Anggota Komisi XII DPR, Eddy Soeparno menyambut positi upaya PT Pertamina (Persero) melalui Subholding Pertamina New and Renewable Energy (PNRE) untuk mengembangkan bioethanol sebagai bahan bakar nabati (BBN) di dalam negeri.
Termasuk di antaranya, menurut dia, kerja sama dengan PT Sinergi Gula Nusantara, Glenmore, Banyuwangi untuk membangun pabrik bioethanol.
"Karena ada tujuan dari Pertamina untuk menghasilkan biofuel yang merupakan bahan bakar nabati (BBN) yang ramah lingkungan, tentu merupakan langkah penting dan perlu diapresiasi," kata Eddy seperti ditulis Antara, Rabu (11/12).
Langkah penting tersebut, menurutnya karena saat ini Indonesia sedang menuju percepatan transisi energi, sehingga memang diperlukan berbagai upaya, termasuk di antaranya melalui pengembangan bioethanol untuk menggantikan energi fosil.
"Jadi, pembangunan pabrik ini merupakan salah satu upaya untuk menghasilkan energi yang lebih ramah lingkungan," ujarnya.
Menurut dia, melalui pengembangan bioethanol, diharapkan bisa meningkatkan kualitas bahan bakar yang ada saat ini, apalagi negara-negara maju, umumnya sudah menerapkan Euro-5.
Oleh karena itu, pengembangan bioethanol merupakan langkah penting agar Indonesia bisa menghasilkan bahan bakar yang memiliki kualitas lebih ramah lingkungan.
Butuh Dukungan Pemerintah
Di sisi lain, Eddy menilai bahwa dukungan pemerintah sangat diperlukan agar program bioethanol bisa mengikuti kesuksesan biodiesel.
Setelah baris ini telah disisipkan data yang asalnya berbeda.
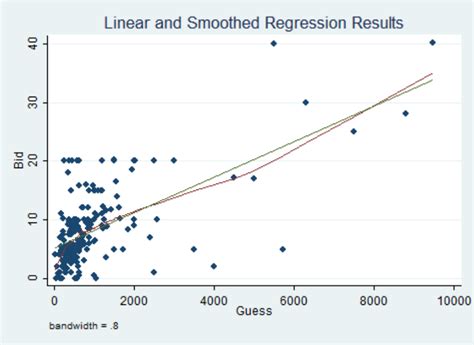 Linear And Smoothed Regression Predictions Download Scientific Diagram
Terutama, jika ternyata proses produksi bioethanol menghasilkan bahan bakar yang lebih mahal dibandingkan BBM.
"Jika demikian, maka perlu dukungan pemerintah dalam bentuk subsidi atau kompensasi," katanya pula.
Sebelumnya, pengamat energi Inas Nasrullah Zubir juga menilai positif upaya PNRE dalam mendukung pengembangan bioethanol, namun sebagai bahan baku agar tidak hanya mengandalkan tanaman tebu, karena membutuhkan waktu lama.
Dia mendukung jika bioethanol diperoleh melalui keanekaragaman sumber, termasuk pemanfaatan tanaman aren sebagai bahan baku yang tersebar hampir di seluruh Indonesia dan mudah dijumpai.
Sementara itu CEO PNRE John Anis menyatakan sudah memiliki peta jalan pengembangan bioetanol hingga 2031 untuk mendukung dekarbonisasi di sektor transportasi, sebab, pada 2034, diproyeksikan permintaan biofuel bisa mencapai 51 juta liter.
Terkait hal itu, Pertamina NRE mulai menjalin kerja sama dengan PT Sinergi Gula Nusantara (SGN) untuk membangun pabrik bioethanol di Banyuwangi, Jawa Timur, dengan kapasitas produksi 30 ribu kiloliter (kl) per tahun.